■ Problem: Give again, word for word, the lines below that run from the line with "China Wholesale Custom" through the line with "Кружка-хамелеон с принтом". Drop the pictures.

■ Data for review:
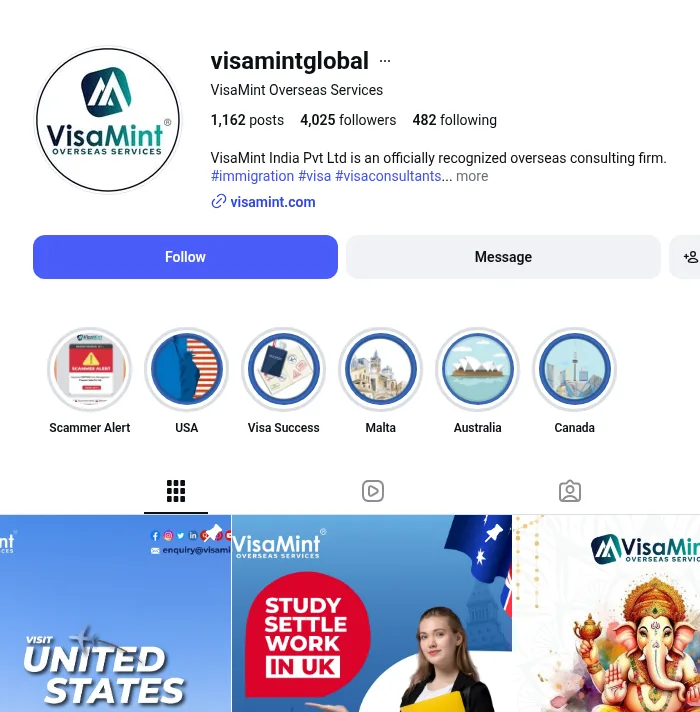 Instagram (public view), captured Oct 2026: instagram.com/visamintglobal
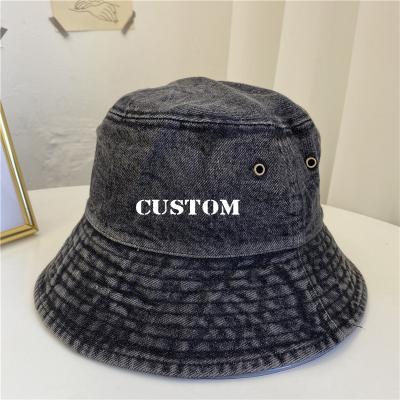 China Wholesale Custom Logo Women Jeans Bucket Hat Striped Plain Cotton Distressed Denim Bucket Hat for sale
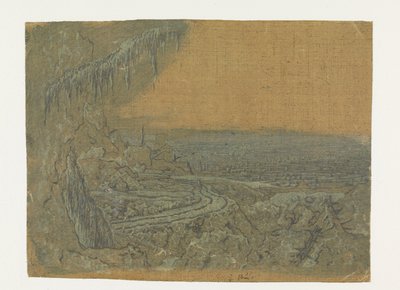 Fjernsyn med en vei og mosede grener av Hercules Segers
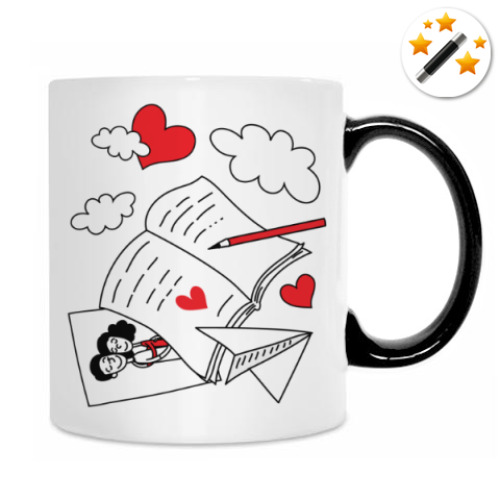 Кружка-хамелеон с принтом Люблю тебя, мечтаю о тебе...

* * *

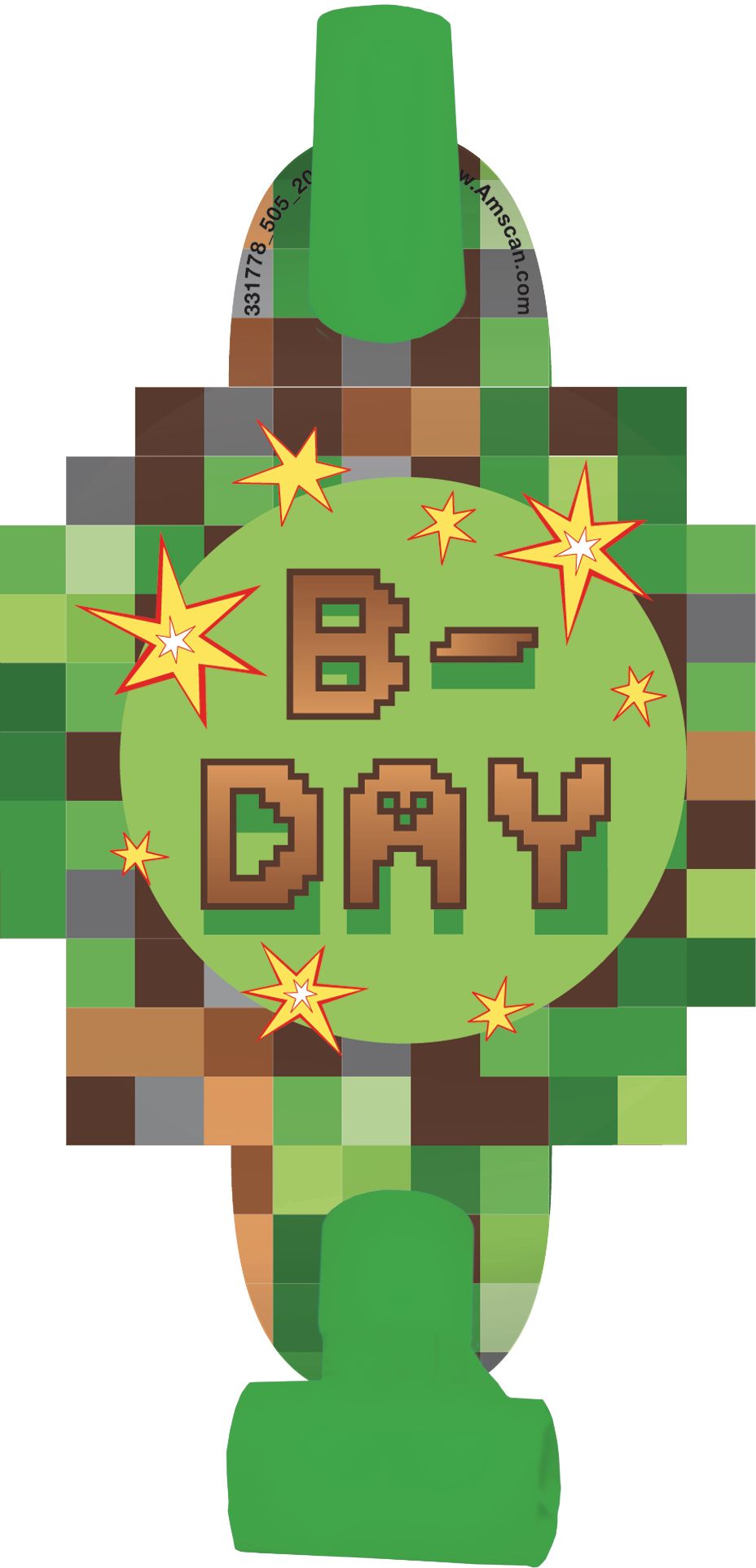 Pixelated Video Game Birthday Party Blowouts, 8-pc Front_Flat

■ Reply:
 China Wholesale Custom Logo Women Jeans Bucket Hat Striped Plain Cotton Distressed Denim Bucket Hat for sale
 Fjernsyn med en vei og mosede grener av Hercules Segers
 Кружка-хамелеон с принтом Люблю тебя, мечтаю о тебе...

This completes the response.